What happened to the running game?

The Denver Broncos ‘rushing attack, which started the season as the backbone of the offense, has disappeared since the bye week. The team started off well, scoring a rushing touchdown in each of the first three games, but has only converted only one rushing score since the week four matchup against the Oakland Raiders.

Starting running back C.J. Anderson has fallen off of his early season pace. In the first four games of the season, he averaged 82.5 yards per game on an average of just of 18 carries per game. Since the bye week, Anderson has had a significant drop off, averaging 41.2 yards per game on 10.6 carries. Against the Patriots, Anderson hit his average, with 10 carries for 54 yards — but the stat line is deceiving thanks to a big chunk of those yards coming from a 21-yard gallop.

After the game, Anderson emphasized getting better, finishing his runs and finishing drives.

“We’ve got to finish drives,” Anderson said. “I’m going to regret that long run; I didn’t break the last three tackles to get in the end zone. I’ve got to step out of that. We played fine on ‘O.’ We played a lot better, but we didn’t play at an elite level. Playing better is one thing, but we’re not playing at an elite level.”

Anderson’s backup, Jamaal Charles, hasn’t made a case for himself lately, either. After starting the first four weeks averaging 43.8 yards per carry, Charles has only been able to average 19.8 yards per game since the bye week. He’s also fumbled once against Kansas City; a turnover that resulted in a touchdown.

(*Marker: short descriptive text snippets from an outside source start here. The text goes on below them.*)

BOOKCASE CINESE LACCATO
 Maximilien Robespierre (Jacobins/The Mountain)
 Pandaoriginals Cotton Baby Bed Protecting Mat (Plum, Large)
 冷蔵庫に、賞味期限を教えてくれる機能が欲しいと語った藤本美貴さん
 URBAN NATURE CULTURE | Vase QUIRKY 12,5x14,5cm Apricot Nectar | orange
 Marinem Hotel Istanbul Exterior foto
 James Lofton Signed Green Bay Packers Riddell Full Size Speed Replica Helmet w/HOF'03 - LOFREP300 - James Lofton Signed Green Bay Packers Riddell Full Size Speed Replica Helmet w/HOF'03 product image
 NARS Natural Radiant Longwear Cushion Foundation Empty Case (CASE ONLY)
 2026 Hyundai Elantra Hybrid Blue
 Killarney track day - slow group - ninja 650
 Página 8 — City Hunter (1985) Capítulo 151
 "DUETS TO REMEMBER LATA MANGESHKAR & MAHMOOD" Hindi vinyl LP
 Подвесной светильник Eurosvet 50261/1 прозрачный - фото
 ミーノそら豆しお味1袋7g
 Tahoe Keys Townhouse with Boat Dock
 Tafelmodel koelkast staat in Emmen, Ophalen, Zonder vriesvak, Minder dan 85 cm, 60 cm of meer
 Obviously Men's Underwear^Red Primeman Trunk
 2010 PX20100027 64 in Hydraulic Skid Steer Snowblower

Second-year back Devontae Booker returned to the lineup in week four, but has not contributed much to help the run game. Booker has averaged 17.8 yards per game on a little more than four carries per game. He has, however, scored the rushing attack’s only touchdown since the bye week.

The performance downturns can probably be attributed to a lack of opportunities, though. In the Broncos’ three wins, they have averaged a little under 36 running plays per game. In their six losses, they are only running the ball an average of 23 times, meaning the running backs are getting two-thirds of the rushing attempts they are given in wins, making it difficult to keep their averages up.

Now, with the team sitting at 3-6, Broncos running backs need to make the most of their opportunities and find a way to get into the end zone. It will be up to Anderson and company to relieve some pressure from their quarterback’s arm.

“For us as an offense, we need to continue,” Anderson said. “As leaders on this team, continue to push it and continue to lift the team up to let them know that this is possible.”

Coming up next is the Cincinnati Bengals, who currently rank 25th in rushing defense. The Bengals are allowing 123.6 yards per game, while Broncos running backs are ranked 13th with 113 yards per game.